==== PROVIDED DATA ====

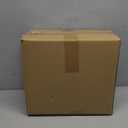 50 Pack Kraft Paper Soup Containers with Lids, 16 Oz Disposable Paper Food Containers, Round, Brown, General Use, Freezer & Microwave Safe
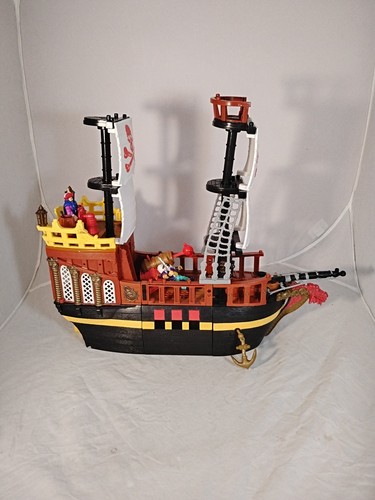 Fisher price imaginext pirate - imaginext,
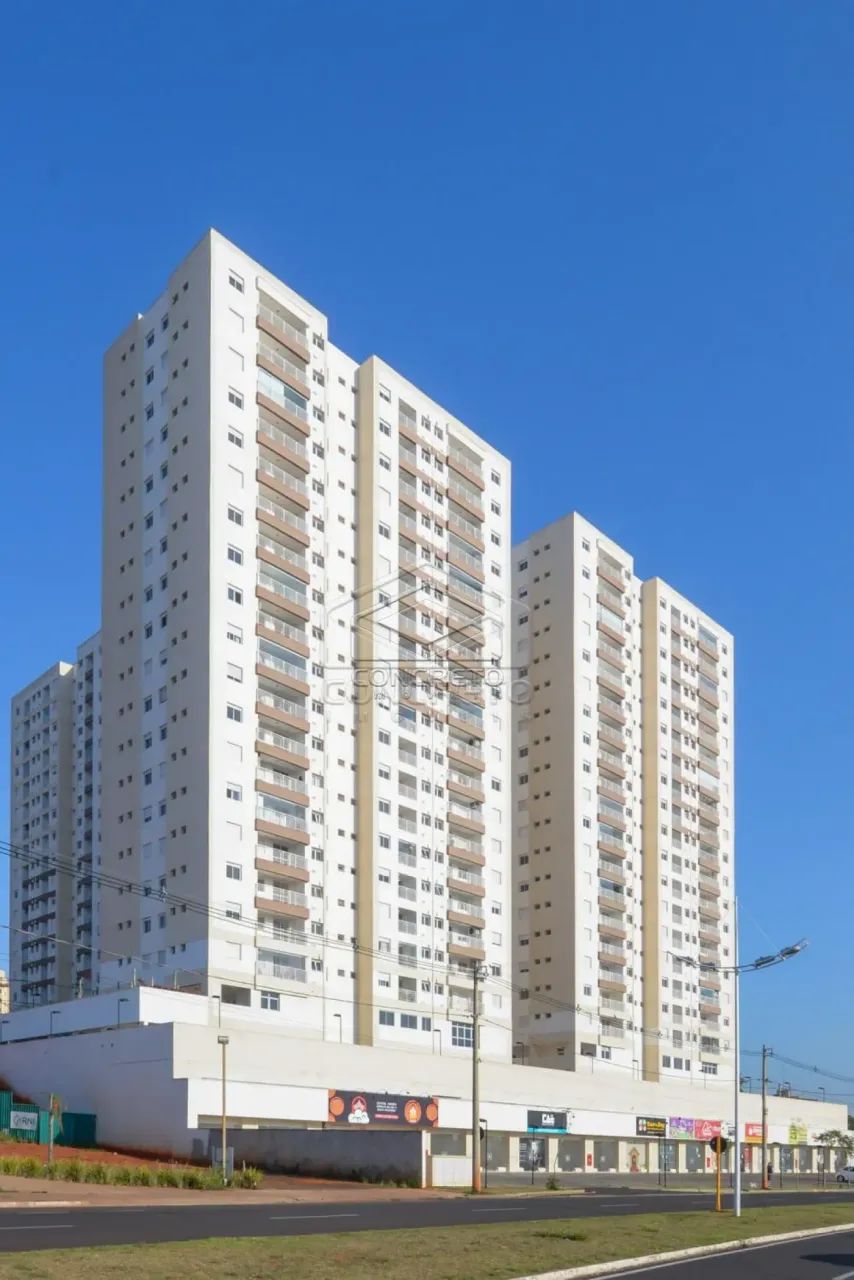 NOVA NAÇÃO AMÉRICA - TORRE BRASIL COM 2 DORMITÓRIOS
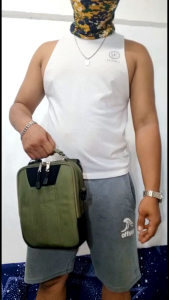 sling bag tactical best quality quick release original material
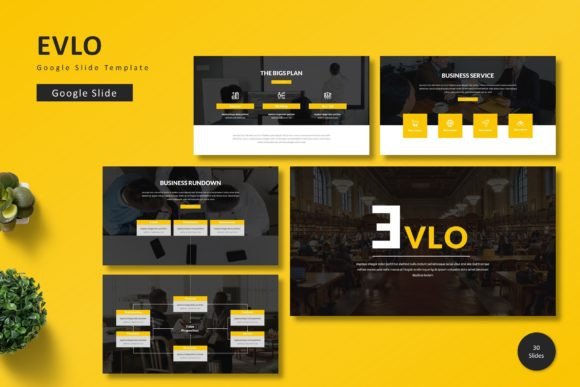 Evlo Google Slide Template: A Practical Guide for Creating Polished Presentations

====

Exclude the pictures and repeat the entries word for word.

 50 Pack Kraft Paper Soup Containers with Lids, 16 Oz Disposable Paper Food Containers, Round, Brown, General Use, Freezer & Microwave Safe
 Fisher price imaginext pirate - imaginext,
 NOVA NAÇÃO AMÉRICA - TORRE BRASIL COM 2 DORMITÓRIOS
 sling bag tactical best quality quick release original material
 Evlo Google Slide Template: A Practical Guide for Creating Polished Presentations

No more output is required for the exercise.